According to media sources, the landlocked state wants economic growth to remain at 11.5 percent every year, for the next five years. Rwanda also wants to drive poverty from 45 percent to below the 30 percent mark, and attain middle-income status by 2020 — no easy task for an agriculture-based economy.

While speaking to investors from China’s Zhenjiang Province, the President said his government will make the country more investor-friendly, as it aims to push through a transformation from its genocide past.

Kagame thanked the Chinese for being a part of Rwanda’s transformation process and “staying on the course of what we believe in.”

According to him, “[Rwanda] will continue to work towards making a win-win situation possible.” He added that the country’s strategy was not to seek short-term investors, but businesses that will impact Rwanda for a long time.
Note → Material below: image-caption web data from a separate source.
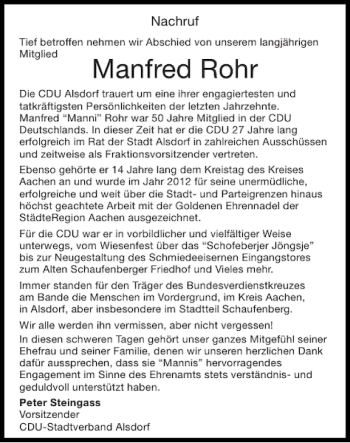 Traueranzeige von Manfred Rohr von Aachener Zeitung / Aachener Nachrichten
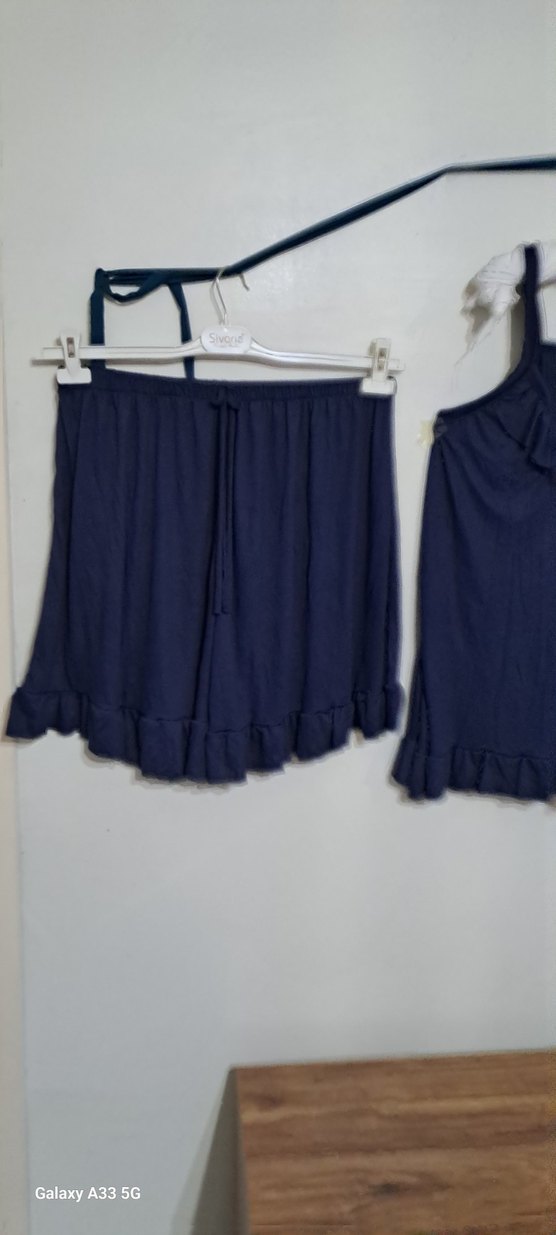 Lacivert Mini İp Askılı Bohem Pijama Takımı - Görsel 5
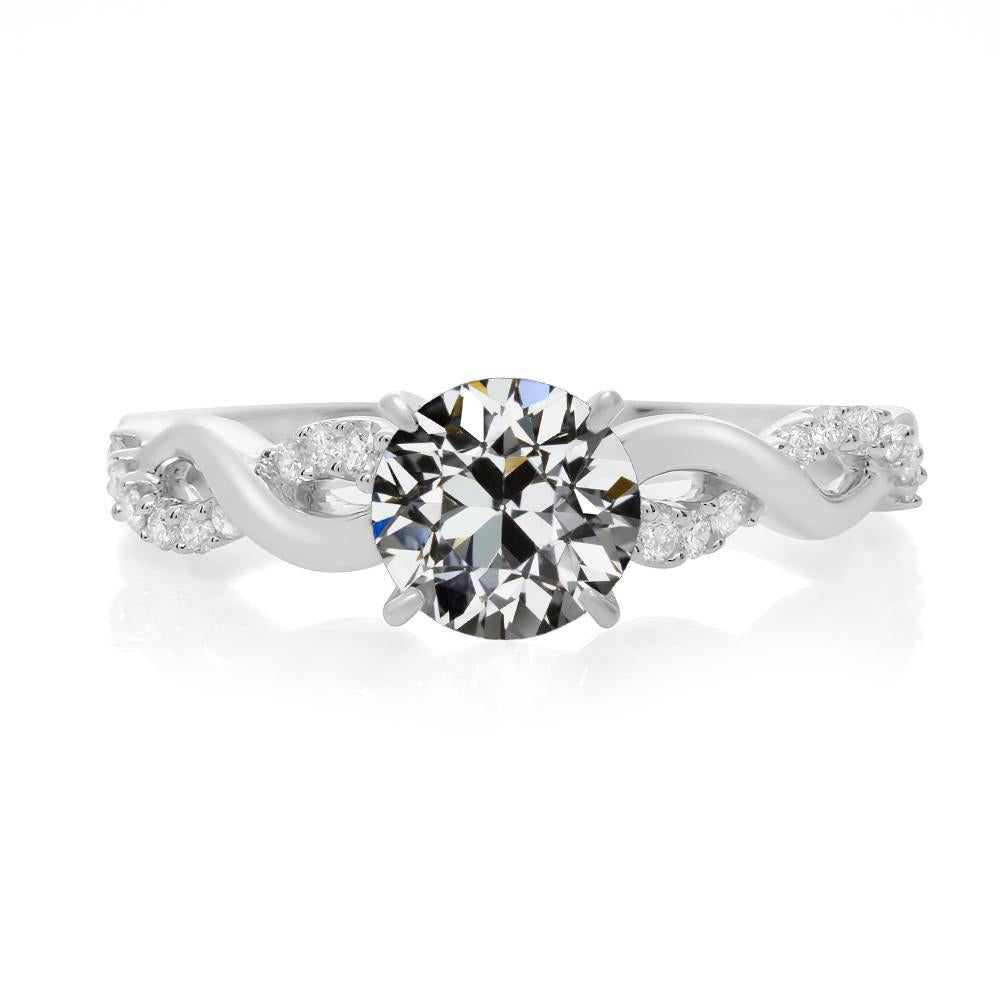 Bague de mariage Véritable diamant rond taille ancienne tige torsadée 3.50 carats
In a separate meeting with government officials on Tuesday Helen Hai, an expert on China-Africa Investments, expressed optimism towards the policies the country had implemented to facilitate investments, singling out steady infrastructural development and business-friendly procedures as key achievements.

Rwanda’s on-going transformation can also be gauged from the fact that within a decade of launching Vision 2020 in 2000, it emerged the highest-ranked economy in the 2010 World Bank’s Doing Business report.

The country is presently the ninth fastest growing economy in the world, with its 2013 GDP growth projected at 7.8 percent.